Christmas and New Year’s Week usually feature low-volume, low-volatility moves in the energy complex, but this year may be different because of the bear market in crude oil and the weather market in natural gas. Furthermore, the price action in the energy sector is also being influenced by heightened volatility in the U.S. equity markets.
U.S. West Texas Intermediate and international-bench Brent crude oil futures are in a position to finish the week about 10-percent lower. Volume is expected to be light over the next two weeks, which may lead to further weakness with a few whipsaw moves mixed in due to the thin trading conditions.
Most of the news is bearish, but some traders are trying to build a case for a bottom by introducing the idea that OPEC’s production cuts that start next month will be deeper than expected.
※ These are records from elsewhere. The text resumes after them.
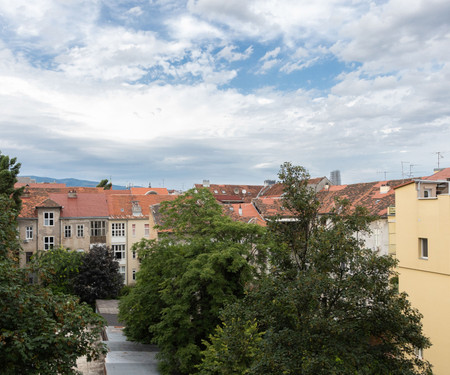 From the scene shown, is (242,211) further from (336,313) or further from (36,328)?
(36,328)

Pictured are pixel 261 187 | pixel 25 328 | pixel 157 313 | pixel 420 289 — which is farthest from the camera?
pixel 261 187

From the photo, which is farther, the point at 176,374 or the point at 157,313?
the point at 157,313

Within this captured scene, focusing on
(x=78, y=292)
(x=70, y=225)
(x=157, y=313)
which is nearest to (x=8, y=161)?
(x=70, y=225)

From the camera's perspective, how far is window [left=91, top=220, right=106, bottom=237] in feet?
160

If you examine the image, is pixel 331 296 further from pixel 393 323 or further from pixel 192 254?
pixel 192 254

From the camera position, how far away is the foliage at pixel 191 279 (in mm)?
24172

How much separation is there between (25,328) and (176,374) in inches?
718

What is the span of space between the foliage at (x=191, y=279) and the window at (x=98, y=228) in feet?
69.8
According to Reuters, which reviewed a letter from OPEC’s secretary-general Mohammad Barkindo, “OPEC plans to release a table detailing output cut quotas for its members and allies such as Russia in an effort to shore up the price of crude.”
Barkindo went on to say that in order to reach the proposed cut of 1.2 million barrels per day, the effective reduction for member countries was 3.02 percent. This figure is higher than the initially discussed 2.5 percent as OPEC seeks to accommodate Iran, Libya and Venezuela, which are exempt from any requirement to cut.